È una ricorrenza importante che, nell'obiettivo di eliminare qualsiasi forma di violenza nella piena affermazione dei diritti di tutti gli esseri umani, pone una marcata attenzione sul fenomeno della violenza contro le donne.

È stata ufficialmente istituita dall'Assemblea Generale delle Nazioni Unite il 17 dicembre 1999 con la risoluzione 54/134 che richiamava i principi espressi nella risoluzione 48/104 del 23 dicembre 1993 sull'eliminazione della violenza contro le donne.

Il suddetto documento riconosce che la violenza contro le donne rappresenta, storicamente, la manifestazione della disuguaglianza tra i generi che ha portato nel tempo gli uomini alla dominazione e alla discriminazione nei confronti delle donne.

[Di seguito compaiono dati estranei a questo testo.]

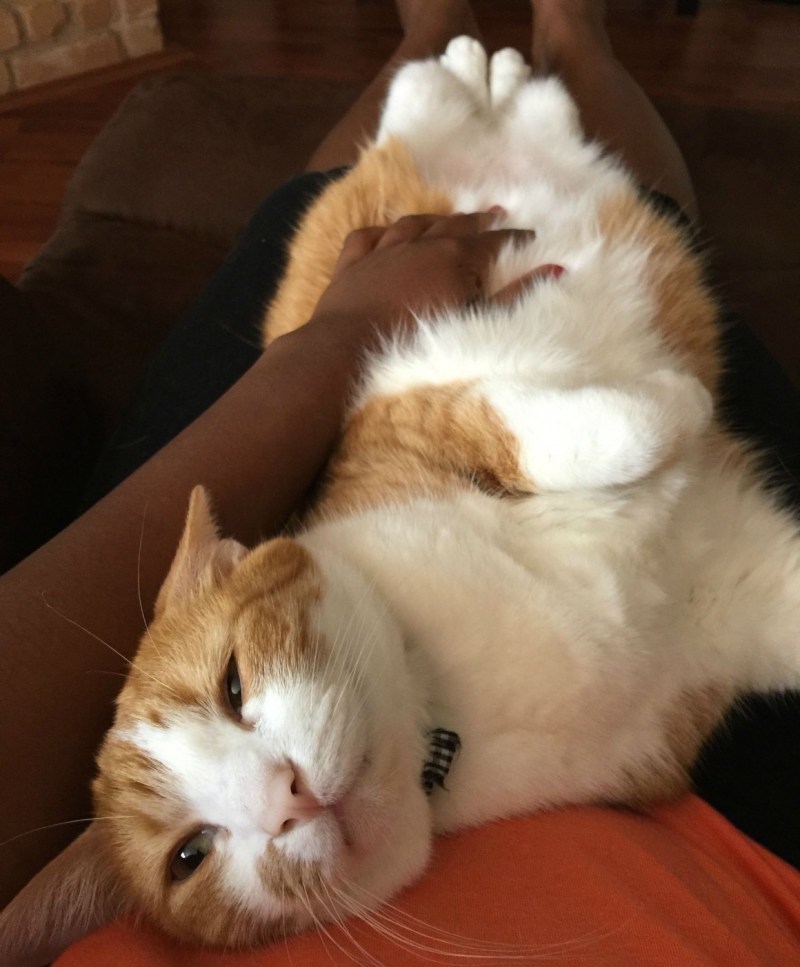 Реальные котики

Fenomeni che hanno ostacolato l'avanzamento delle donne nella società, spesso ponendole in posizioni di subordinazione.

Per questi motivi l'Assemblea ha ritenuto urgente il bisogno di istituire una giornata per ricordare che la violenza perpetrata sulle donne costituisce un ostacolo all'uguaglianza, la sicurezza, la libertà, l'integrità e la dignità di tutti gli esseri umani.

È stato scelto quel giorno per commemorare le "Sorelle Mirabal", tre donne uccise il 25 novembre del 1960 nella Repubblica Dominicana per essersi opposte alla dittatura di Rafael Trujillo, presidente che aveva governato il paese centroamericano dal 1930 al 1961.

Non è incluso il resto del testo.